Today’s saint of the week is one you might not have heard of, but he is responsible – at least in part – for no-one actually knowing what date Easter is due to fall on from one year to the next!  It is said that his speech at the Synod of Whitby in 664 was key to persuading the representatives there to vote in favour of the Northumbrian church following Roman rather than Ionian practices, one element of which was the calculation of the date of Easter.
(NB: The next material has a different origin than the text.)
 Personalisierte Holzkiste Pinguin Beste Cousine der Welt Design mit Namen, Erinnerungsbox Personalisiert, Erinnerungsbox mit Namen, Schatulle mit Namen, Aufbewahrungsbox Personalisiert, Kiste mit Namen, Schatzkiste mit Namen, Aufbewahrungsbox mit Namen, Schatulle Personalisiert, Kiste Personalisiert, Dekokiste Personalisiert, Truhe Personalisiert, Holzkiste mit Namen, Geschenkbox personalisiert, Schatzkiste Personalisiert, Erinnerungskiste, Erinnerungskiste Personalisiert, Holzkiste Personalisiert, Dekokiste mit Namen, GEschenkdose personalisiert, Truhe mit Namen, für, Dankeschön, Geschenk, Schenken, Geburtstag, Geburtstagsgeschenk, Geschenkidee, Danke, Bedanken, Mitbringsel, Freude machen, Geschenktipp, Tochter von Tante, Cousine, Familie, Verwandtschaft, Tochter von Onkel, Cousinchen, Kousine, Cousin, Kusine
Prior to his bravura performance at Whitby, Wilfrid was a bishop of the Northumbrian church, having previously studied at Lindisfarne and Canterbury, as well as spending periods of time in both Lyons and Rome.  In 660, he returned from Rome to establish the foundation at Hexham where he was appointed abbot.  His childhood was one of wealth and nobility, and by all accounts he was not one to sit on the sidelines and watch the world pass him by.  He was one of the first bishops to bring relics back from Rome, against the express wishes of the Pope, and actively espoused Benedictine monasticism in Northumbria as a way of controlling the ‘poisonous’ Picts.  One historian has said of Wilfrid that ‘he was not a humble man, nor was he greatly interested in learning’, while another states that he ‘came into conflict with almost every prominent secular and ecclesiastical figure of the age’.

The Whitby synod was one of the high points of his ecclesiastical career, and his success there led to his appointment as bishop of York, where he lived lavishly and surrounded himself with a large entourage, so not the normal monastic behaviour we’re used to.  However, his career peaks were almost inevitably followed by very deep troughs, and while he was away in Gaul being consecrated as bishop (he had refused to be consecrated in Northumbria by Anglo-Saxon clergy, instead opting for the pomp and circumstance of a Gallic ceremony, where he was carried aloft on a throne supported by nine bishops – I know which one I’d choose!) he was deposed by the king and another bishop installed in his place.  On his way back, his ship was blown off course and landed in Sussex, where his party was attacked by local pagans.  Undeterred by these setbacks, over the coming years he established a network of monasteries in Wessex, Mercia and Northumbria, which just happen to correspond with the areas to which he was exiled as he fell in and out of favour with the king.  Finally, by 706, Wilfrid was installed in Hexham after having set up foundations in places as diverse as Ripon, Selsey in Suffolk, the Isle of Wight, Evesham, and Oundle in Northamptonshire, which is where he died while on a visit in 709 or 710.  The removal of his relics from Ripon to Canterbury in 948 was accompanied by reports of miracles at the tomb, as was their translation to their own shrine after a fire in 1067, the date of which has become his feast day, 24th April.   It doesn’t look like Wilfrid is the patron saint of anything in particular, but his lifestyle, rebellious character and history of upsetting anyone in authority could make him the poster-saint of modern day Bohemians everywhere!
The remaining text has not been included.